Chapter Thirteen

A MacKenzie, you say?”

Ronan stood in the middle of his grandfather’s privy quarters, his hands fisted against his hips, and trying very hard to

keep the annoyance out of his voice.

But it wasn’t easy.

Someone — a Holder, saints preserve them — had guised himself as a MacKenzie for the sole purpose of confusing an old man. And if he could get

his hands on the dastard, he’d gladly spend his last breath to make certain he ne’er tried the like again.

Ever.

“Aye, I said he was a MacKenzie.” His grandfather remained stubborn. Oblivious to the truth. “Did you no’ hear me the first

time?”

Ronan pulled a hand down over his chin, seeking words that wouldn’t alarm.

“Every last one of the Black Stag’s men departed with him,” he finally reminded the older man. “You saw them go. I rode with

them to the end of our glen.”

“Be that as it may, one of them returned.” Valdar leaned forward in his high-backed oaken chair. “A courier, he was,” he insisted,

his furred bed-robe straining over his girth. “Sure as I’m sitting here.”

A courier from hell, Ronan almost blurted.

Instead, he choked back a snort, doing his best to disguise it as a cough.

Already the old man’s face was flushed red and glistening, while the light from a spiked candle near his chair clearly showed

tiny beads of perspiration beginning to mist his brow.
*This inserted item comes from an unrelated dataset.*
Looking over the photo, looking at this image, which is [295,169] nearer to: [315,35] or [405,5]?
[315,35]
Most worrisome of all, his eyes glittered dangerously and he couldn’t

seem to keep his left foot from thumping against the floor rushes.

Ronan didn’t want to think about what might happen if his grandfather knew the missive’s contents.
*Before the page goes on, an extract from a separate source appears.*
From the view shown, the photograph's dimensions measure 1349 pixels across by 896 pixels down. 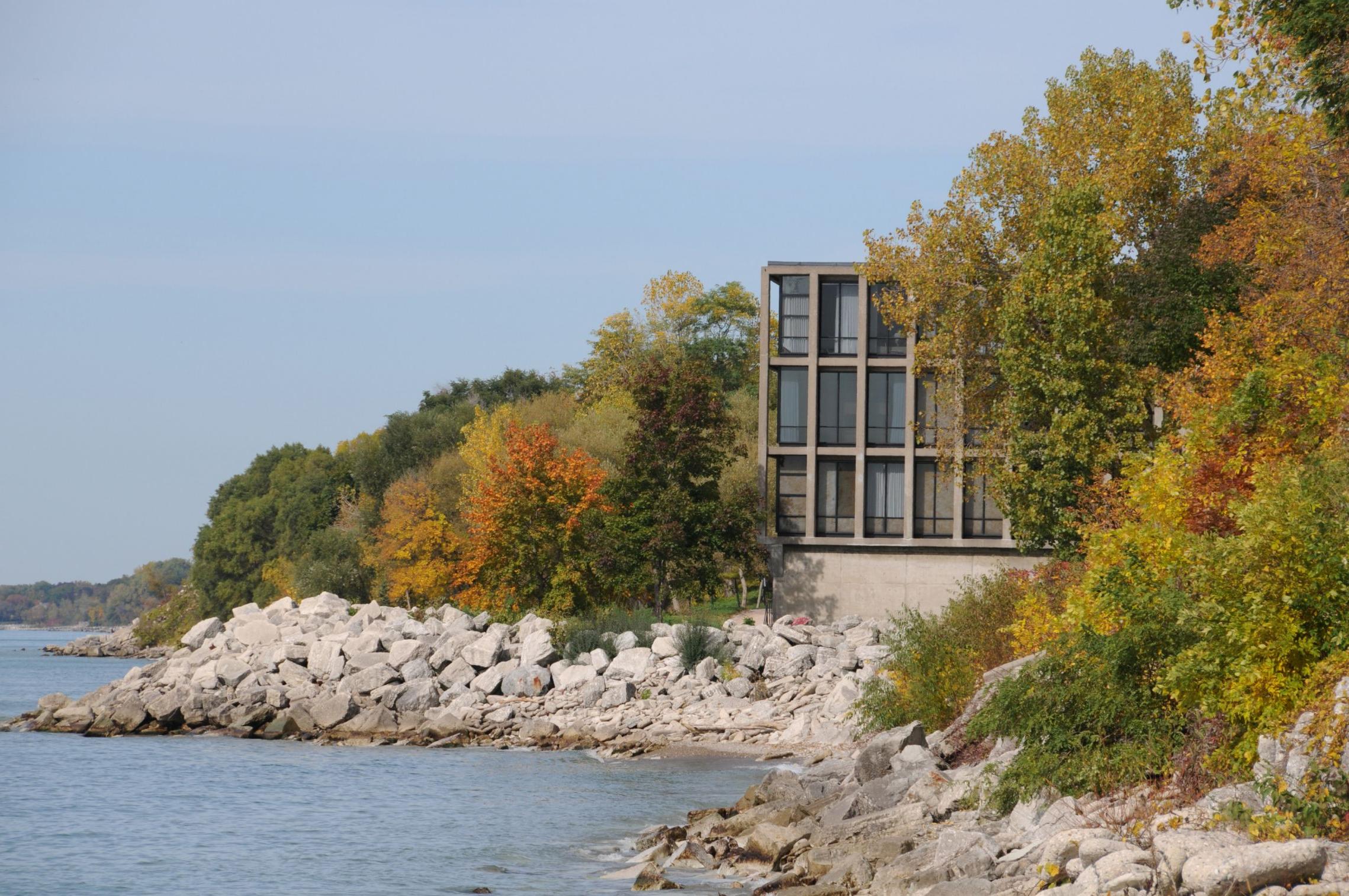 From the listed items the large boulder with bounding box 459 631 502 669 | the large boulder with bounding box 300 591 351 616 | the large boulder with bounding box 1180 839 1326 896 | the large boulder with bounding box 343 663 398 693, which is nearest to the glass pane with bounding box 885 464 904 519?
the large boulder with bounding box 459 631 502 669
He could scarce stomach them himself.

A warning, Raven . . . meet me at the Tobar Ghorm on the morrow’s noontide to learn who amongst your men would betray you.

Do not be late and come alone . . . your own life and the lives of those you hold dearest hang on a thread. Ignore my summons

at greatest peril.

Dungal Tarnach

Frowning, he rolled up the parchment and thrust it beneath his belt, not bearing its blackness in his hands. He could feel

the inked poison affecting him, drying his throat and making the pain in his ribs throb and burn.

Still, he had to get to the bottom of it.

“The man was winded.” Valdar stabbed the air with a finger, making his point. “He’d ridden hard and fast by the looks of him,

said he only wished to deliver Kintail’s letter and be on his way.”

Ronan went to stand before the fire, stepping close to catch the warmth of the well-burning birch logs. “MacKenzie didn’t

send him. He had nothing at all to do with it.”

“So say you!” Valdar hooted.

“Aye, that is what I say.”

Valdar shook his head.

“Split me! Kintail wanted to surprise us, is what he did.” His beard jigged with conviction. “That’ll be the way of it, I

vow. The reason you didn’t see his man circle round and ride back here.”

Ronan folded his arms.

“I knew Kintail before you were born, know him as well as I knew your own da.” Valdar half-rose from his great carved chair,

but dropped down again almost immediately.

Almost as if his legs wouldn’t hold his great bearlike body.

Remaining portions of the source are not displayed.